* [Supplied data]
=== Begin Enclosure ===

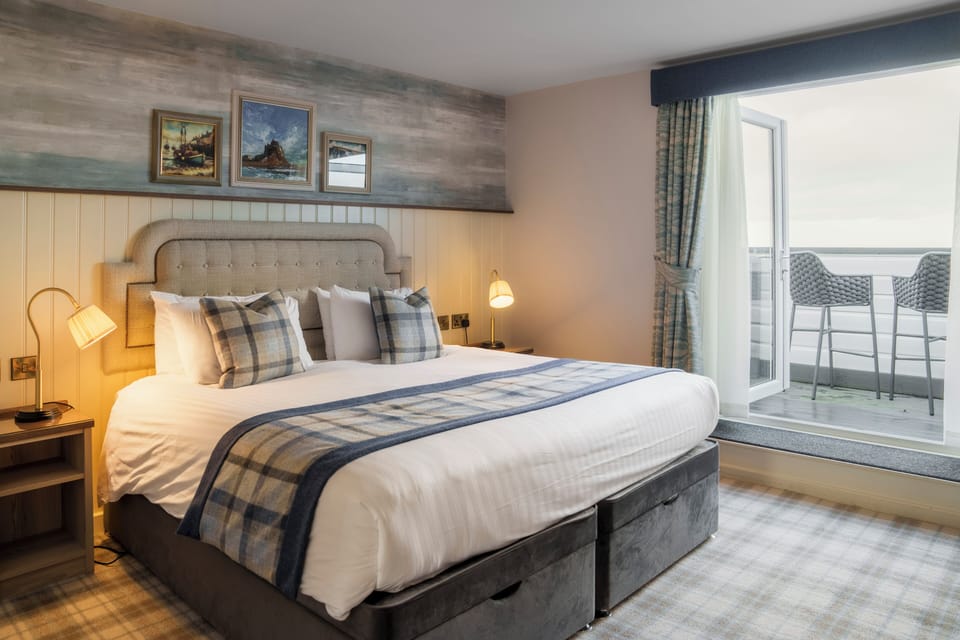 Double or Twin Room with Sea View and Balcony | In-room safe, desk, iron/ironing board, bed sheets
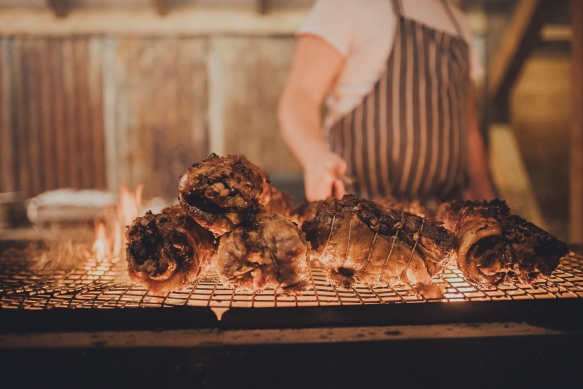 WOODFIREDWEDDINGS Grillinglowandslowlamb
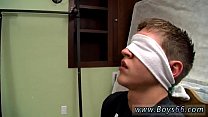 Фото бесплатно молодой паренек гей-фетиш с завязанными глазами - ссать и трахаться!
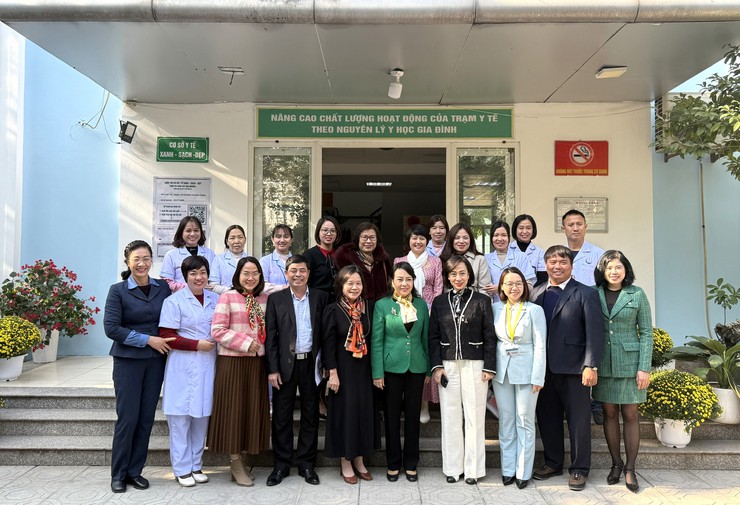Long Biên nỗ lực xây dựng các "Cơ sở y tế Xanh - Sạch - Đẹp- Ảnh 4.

=== End Enclosure ===
=== Begin Enclosure ===

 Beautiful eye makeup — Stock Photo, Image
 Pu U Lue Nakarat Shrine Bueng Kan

=== End Enclosure ===

* [What to do]
Would you retype the lines above from the one with "Beautiful eye makeup — Stock Photo, Image" down to the one with "Pu U Lue Nakarat Shrine Bueng Kan", word for word, both ends included and no other lines?

* [Written solution]
 Beautiful eye makeup — Stock Photo, Image
 Pu U Lue Nakarat Shrine Bueng Kan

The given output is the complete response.